MATERIAL FOR THE TASK
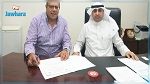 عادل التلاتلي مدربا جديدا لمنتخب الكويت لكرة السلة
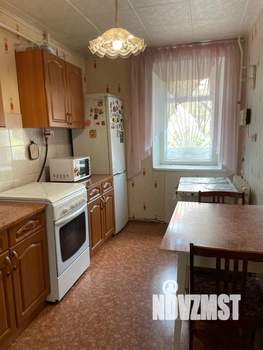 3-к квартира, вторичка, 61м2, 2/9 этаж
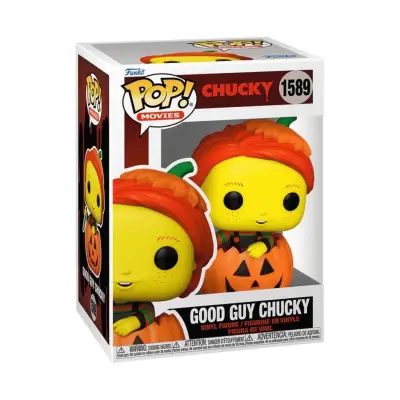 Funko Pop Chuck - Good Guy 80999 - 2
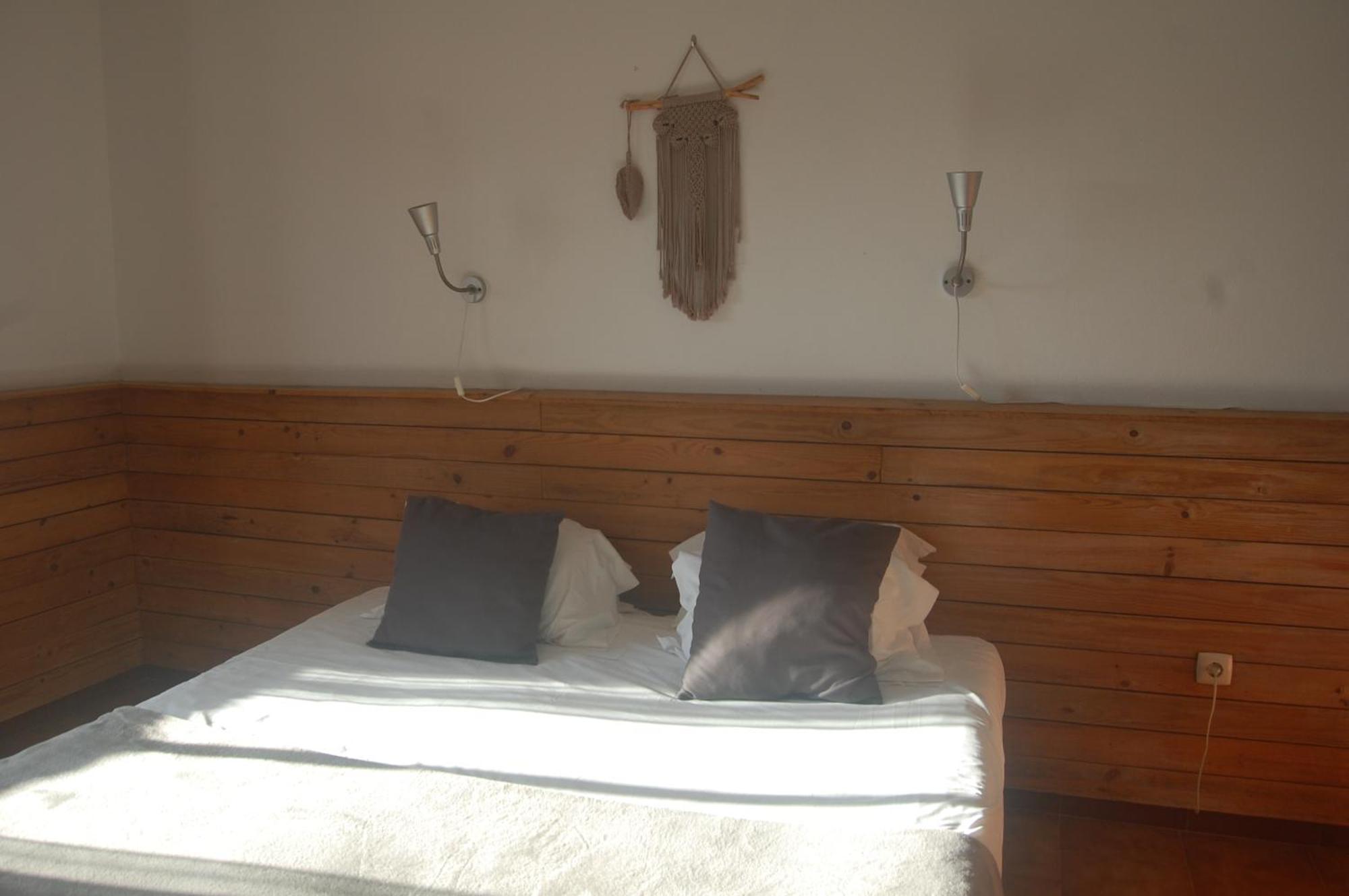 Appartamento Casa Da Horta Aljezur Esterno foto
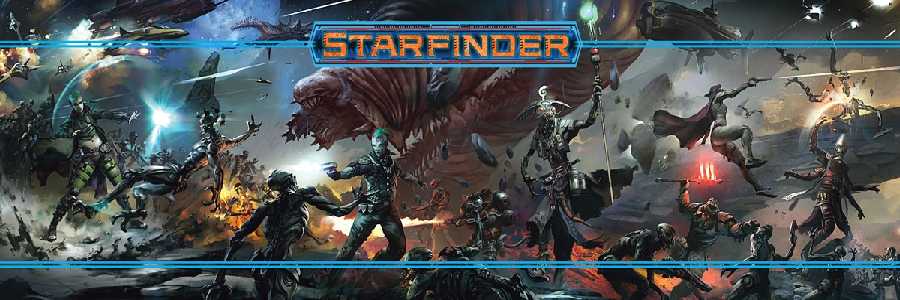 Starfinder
==
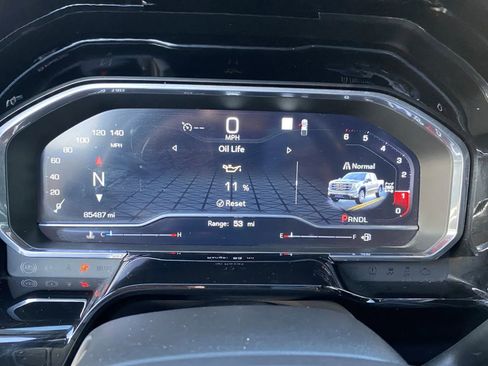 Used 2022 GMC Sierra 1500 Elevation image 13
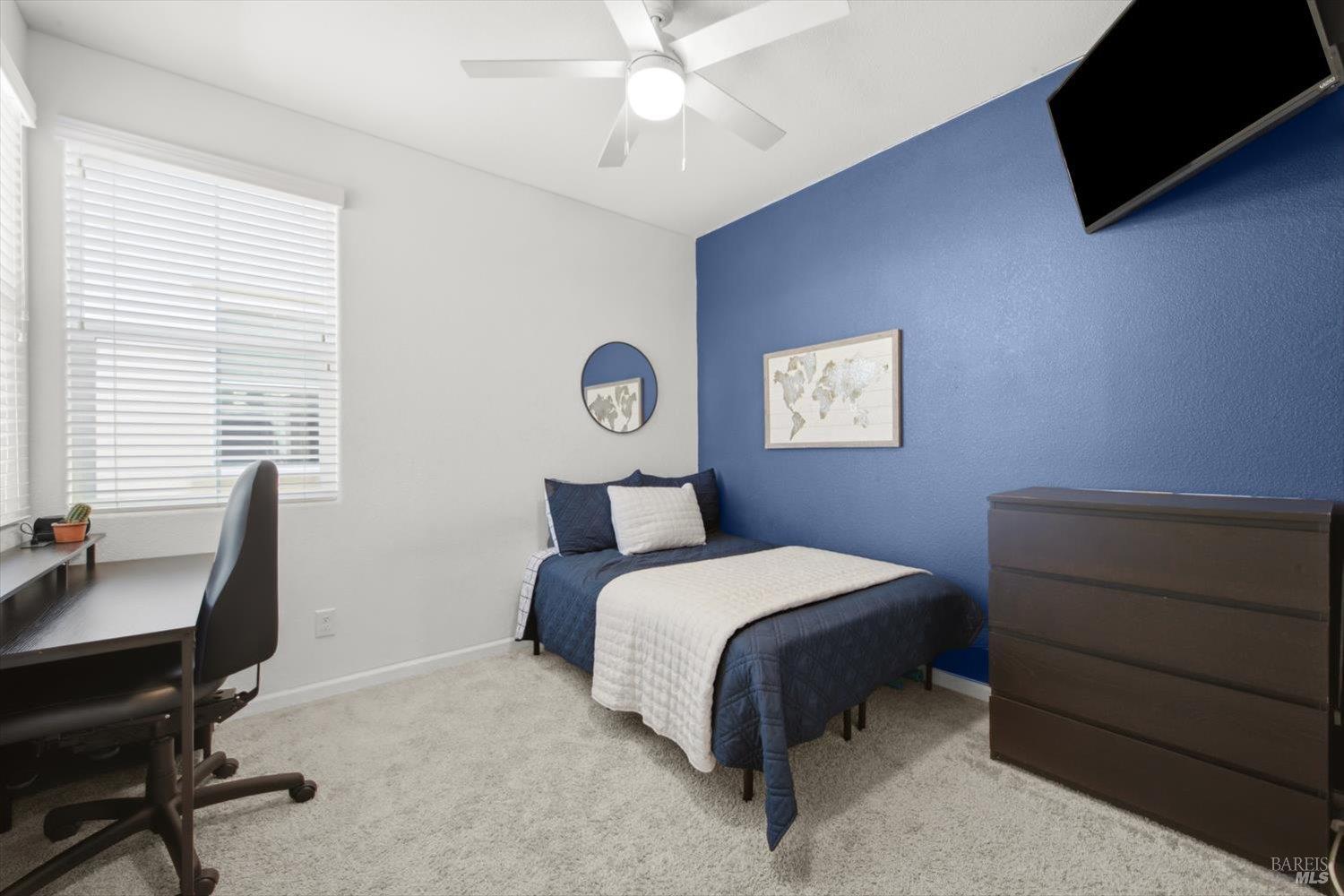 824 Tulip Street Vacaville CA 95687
...
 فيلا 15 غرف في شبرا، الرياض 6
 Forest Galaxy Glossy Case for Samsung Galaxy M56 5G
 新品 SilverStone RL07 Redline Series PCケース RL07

AIM OF THE TASK
What belongs in the answer is each line above from the line with "Used 2022 GMC Sierra 1500 Elevation image 13" to the line with "824 Tulip Street Vacaville CA 95687", inclusive, reproduced exactly and free of pictures.

TASK RESPONSE
 Used 2022 GMC Sierra 1500 Elevation image 13
 824 Tulip Street Vacaville CA 95687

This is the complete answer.